» Extracted information:
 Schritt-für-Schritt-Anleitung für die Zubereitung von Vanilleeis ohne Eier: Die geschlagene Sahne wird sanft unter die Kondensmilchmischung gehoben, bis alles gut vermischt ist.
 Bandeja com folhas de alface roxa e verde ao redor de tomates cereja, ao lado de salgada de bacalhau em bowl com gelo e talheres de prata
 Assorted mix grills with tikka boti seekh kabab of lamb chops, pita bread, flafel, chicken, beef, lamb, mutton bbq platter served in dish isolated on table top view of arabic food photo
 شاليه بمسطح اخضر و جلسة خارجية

--

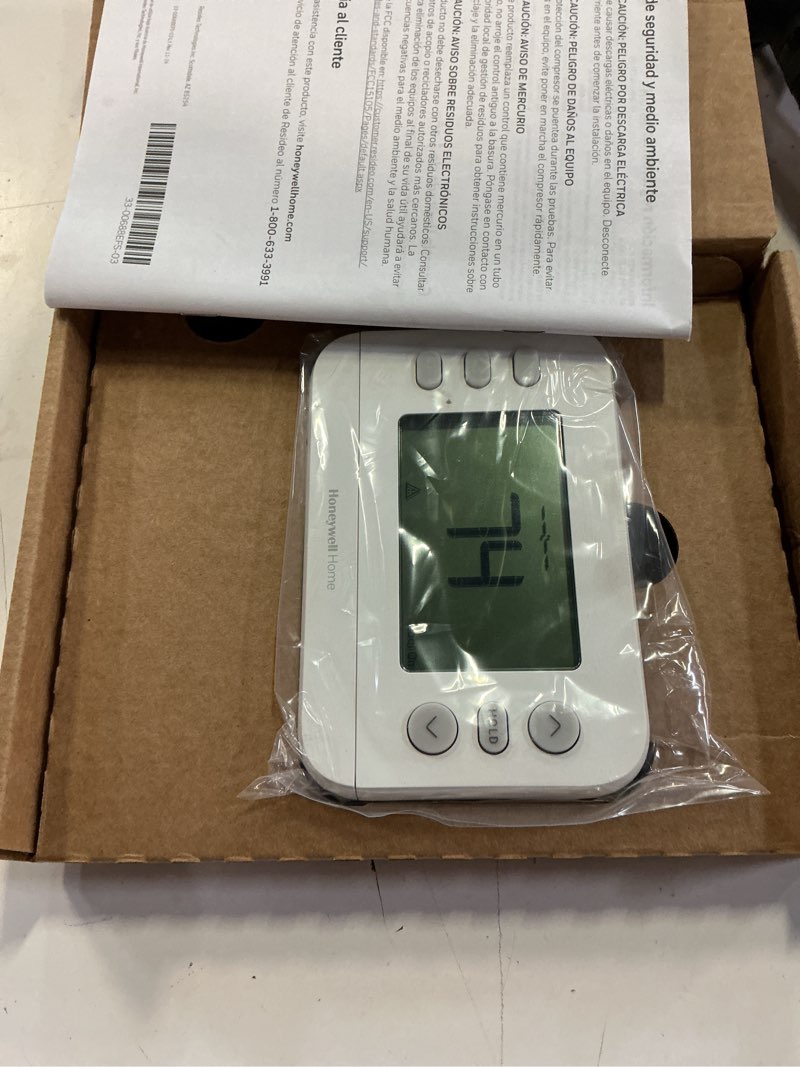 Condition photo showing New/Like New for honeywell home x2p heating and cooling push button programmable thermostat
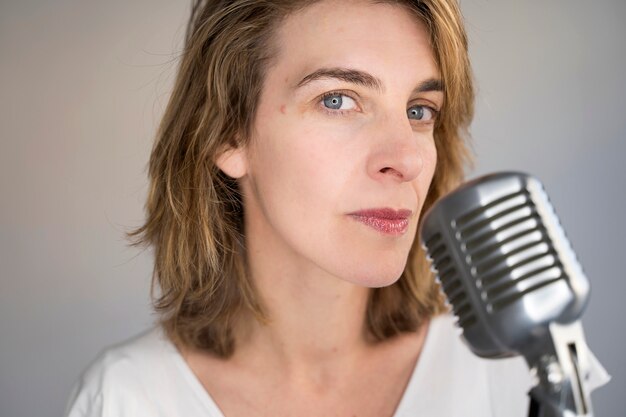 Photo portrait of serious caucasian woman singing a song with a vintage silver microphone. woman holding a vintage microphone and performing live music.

» Task directions:
Only the lines from the one containing "Schritt-für-Schritt-Anleitung für die" through the one containing "شاليه بمسطح اخضر و جلسة خارجية" are to be retyped, both boundary lines included, with no other material.

» Result:
 Schritt-für-Schritt-Anleitung für die Zubereitung von Vanilleeis ohne Eier: Die geschlagene Sahne wird sanft unter die Kondensmilchmischung gehoben, bis alles gut vermischt ist.
 Bandeja com folhas de alface roxa e verde ao redor de tomates cereja, ao lado de salgada de bacalhau em bowl com gelo e talheres de prata
 Assorted mix grills with tikka boti seekh kabab of lamb chops, pita bread, flafel, chicken, beef, lamb, mutton bbq platter served in dish isolated on table top view of arabic food photo
 شاليه بمسطح اخضر و جلسة خارجية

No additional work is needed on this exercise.